# Your greatest ever club team?



## Bailey2001 (May 20, 2009)

mikeys liverpool team :-

best ever would have to be 

grobs in goal
left back emlyn the crazy horse hughes
right back jamie carragher
center halves are lawro and hanson
left mid john barnes
right mid craig johnson
centre mid jan molby and steve gerrard
strikers would have to be the ledge that is rushie and also god aka robbie fowler

subs are as follows

ray clemmence
razor ruddock
julian dicks
sami hyypia
graeme sounesse
ian st john
fernando torres

well that'll do for now hehehe

whats your manc side then??


----------



## mikep1979 (May 20, 2009)

so whats yours then philly???


----------



## Bailey2001 (May 20, 2009)

Big Peter Schmeciel
Dennis irwin
Edwards
Vidic
Neville G

Giggs
Keano
Charlton
Ronaldo

Hughes
Best

Subs

Van Nistelroy
Law
Cantona
Ferdinand
Rooney
Eric Djemba djemba (lol)


----------



## Bailey2001 (May 20, 2009)

Bailey2001 said:


> mikeys liverpool team :-
> 
> best ever would have to be
> 
> ...



cant believe you havent put john scales in that team! (cackle)


----------



## mikep1979 (May 20, 2009)

Bailey2001 said:


> cant believe you havent put john scales in that team! (cackle)

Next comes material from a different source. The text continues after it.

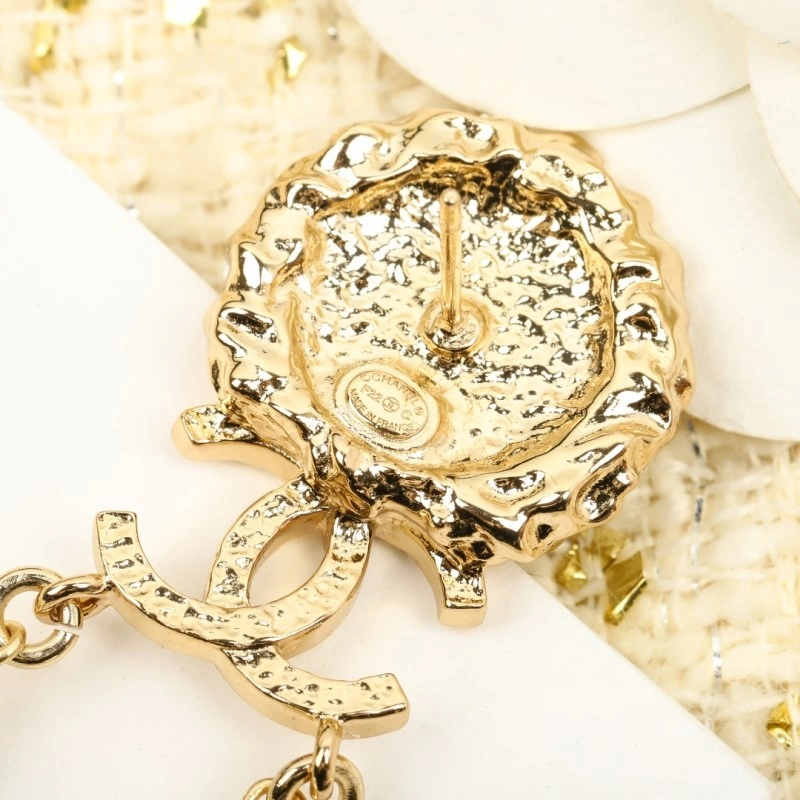 SmartChoice Chanel Earrings 221135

it was a short thing between him and rob jones as to who got right back then i remembered they were both sh*te lol

cant believe you didnt have cantona in your first 11 mate. he was well class and i think he was more gifted than ronaldo is.


----------



## Bailey2001 (May 20, 2009)

mikep1979 said:


> it was a short thing between him and rob jones as to who got right back then i remembered they were both sh*te lol
> 
> cant believe you didnt have cantona in your first 11 mate. he was well class and i think he was more gifted than ronaldo is.



to be honest mate, i had eric in at the beginning and then swapped him with bobby charlton....

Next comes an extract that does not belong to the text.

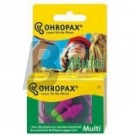 Ohropax füldugó multi (2 db) ML055253-25-4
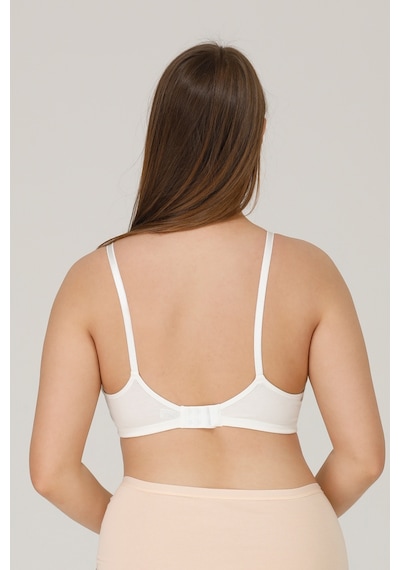 Parlingerie Emzirme Sütyeni 3'lü Çok Renkli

eric was such a special player, that i really should have put him in but i couldnt see a place as i couldnt leave out best or hughes really...

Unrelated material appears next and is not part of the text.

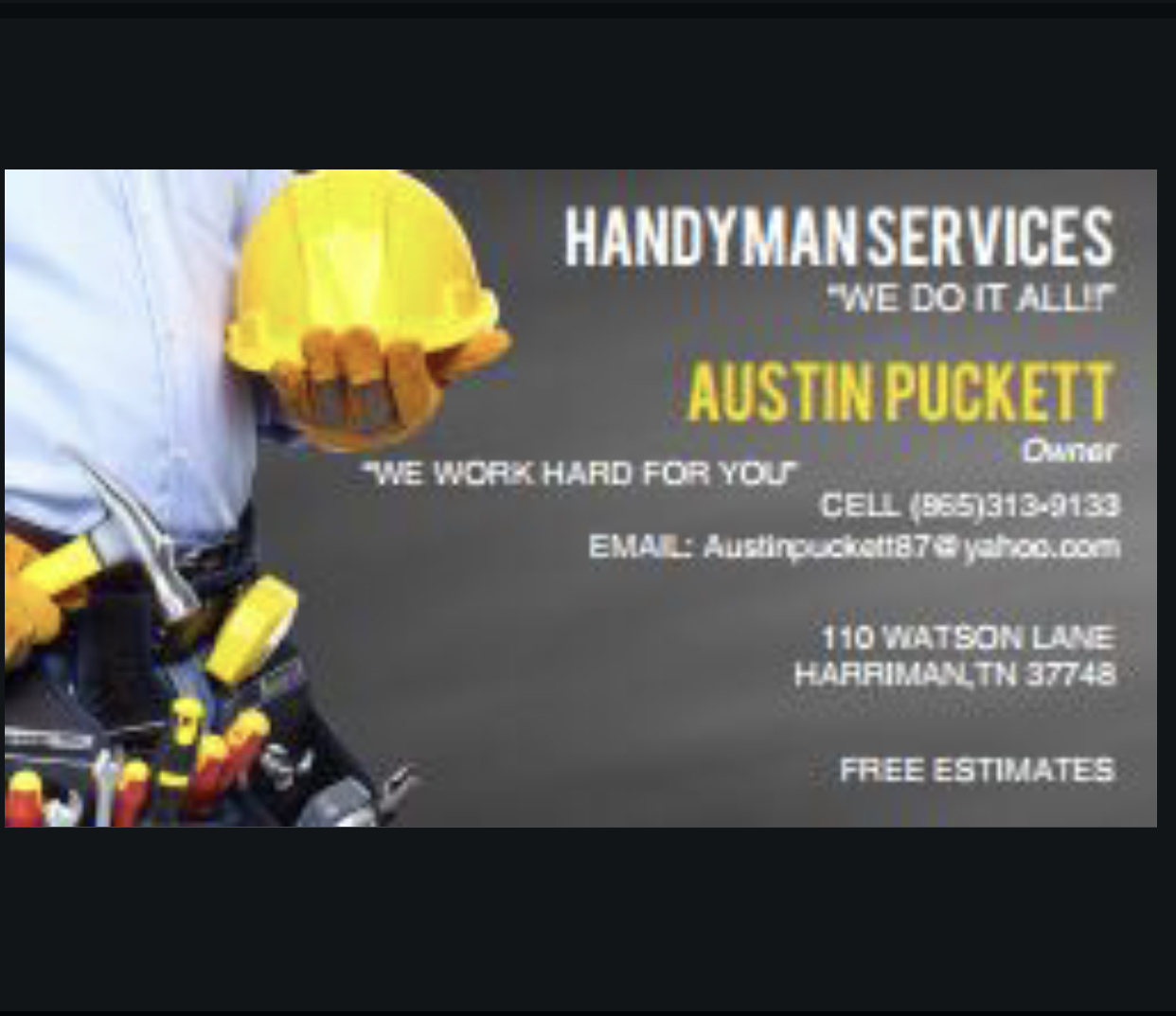 Avatar for Quality Home Repair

im sure the old school would be saying im wrong to put dennis law on the subs bench..but anyone who scores a goal to send utd down, deserves to be put as a sub....i know people said he didnt celebrate, but ive watched the goal over and over in slow motion and you can quite clearly see that afterwards he does a little dance and cartwheel.


----------



## mikep1979 (May 20, 2009)

Bailey2001 said:


> to be honest mate, i had eric in at the beginning and then swapped him with bobby charlton....
> 
> eric was such a special player, that i really should have put him in but i couldnt see a place as i couldnt leave out best or hughes really...
> 
> im sure the old school would be saying im wrong to put dennis law on the subs bench..but anyone who scores a goal to send utd down, deserves to be put as a sub....i know people said he didnt celebrate, but ive watched the goal over and over in slow motion and you can quite clearly see that afterwards he does a little dance and cartwheel.



for me i would have had cantona on the pitch in a midfield role but with freedom to roam. do you know he recently addmitted he wanted to sign for liverpool but we withdrew our offer for him as we didt feel it was value for money!!!!! how wrong were we!!!!! instead we spent a long time buying crap in and then selling at a fraction of the price. for me it was conatona that set you up for being the force you are now. as before him you were short a few things up front and he provided them.


----------



## Bailey2001 (May 20, 2009)

mikep1979 said:


> for me i would have had cantona on the pitch in a midfield role but with freedom to roam. do you know he recently addmitted he wanted to sign for liverpool but we withdrew our offer for him as we didt feel it was value for money!!!!! how wrong were we!!!!! instead we spent a long time buying crap in and then selling at a fraction of the price. for me it was conatona that set you up for being the force you are now. as before him you were short a few things up front and he provided them.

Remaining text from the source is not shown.